November 27, 2008

More like me than I realized...

Some of the things I post here I write just for this blog; some of them grow out of my private journaling and I find that I want to share them. Occassionally, I will share something I've shared in our church newsletter - mostly because I'd like to offer it up for discussion, feedback, etc. That is the case with this post - from journaling to newsletter to you...

I have been pondering lately the frustrations in my life. Perhaps for you it’s the same – the things that you seem able to easily overlook in “normal” circumstances become annoyances or frustrations when the stress in your life is higher? I realized as I was dwelling on someone’s tendency toward being judgmental, how annoying I found that, etc – I realized that I was being judgmental about their judgmental-ness (ouch!). I believe it is true that the things that annoy, bother, frustrate us in others are most likely the things about our own self that need to be looked at.

I know that at times I make snap-judgments. It is too easy to forget to look to see what I really “know” and what I am simply assuming when I am emotionally tied to the issue or situation or person. Most of the time, I think, I do well taking the objective look at what is happening; attempting to make allowances and to see other possible sides of the issue, or see the situation from another person’s perspective (at least I hope I do!). Which, I guess, makes the times I don’t, the times I find myself judgmental all the more difficult to ignore.

So how do we learn to stop judging? I think it’s about having a greater desire to listen and understand than to be heard or to be “right”. When I care more about understanding, then I allow space for dialog and room for others to be “right” too. Implicit in seeking to understand is the fact that I must believe that I do not have all the knowledge and that I am not in a position to judge. And, truly, none of us ever has all the knowledge. And, truly, none of us is ever in a position to judge – that is up to God. And, believe me, I’d rather be judged by God than by me. God is gracious and merciful and forgiving – always. God sees the essence of the person I am – not the outer layers or the works I do, but the beloved child he created – and then “judges” me based on that.

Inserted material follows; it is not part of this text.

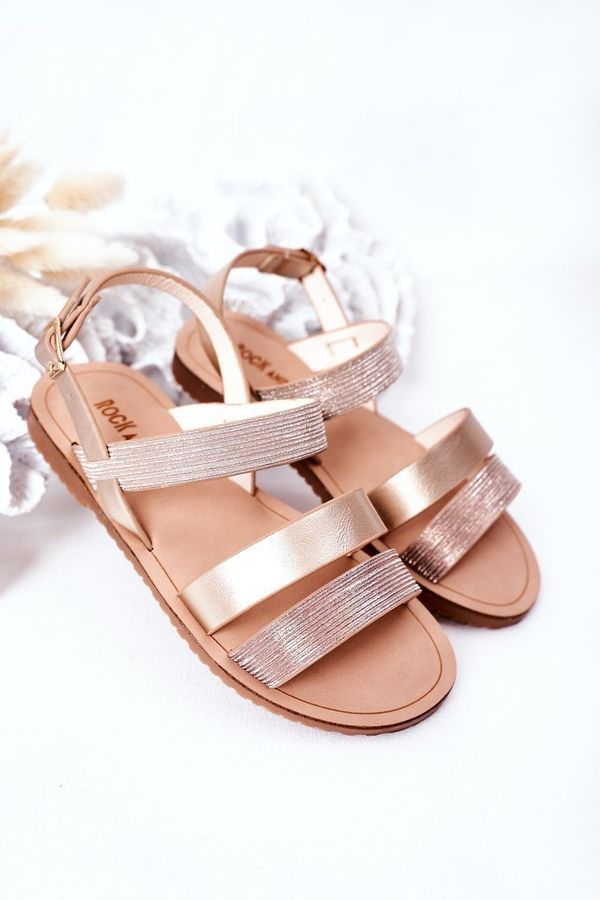 FR1 FR1 Children's Shiny Sandals Champagne Natalie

How I wish I could do that, always, when I look at, interact with, am in relationship with others. Marianne Williamson calls it “seeing another’s innocence”. When we seek to blame, we look for the guilt of others – perhaps at some level seeking to justify ourselves and to gain power. But when we seek to love and to understand, then we see the innocence of others. ... God help me desire to understand more than I desire to be “right.”

What do you do to stop yourself from judging or blaming where God calls us to understand?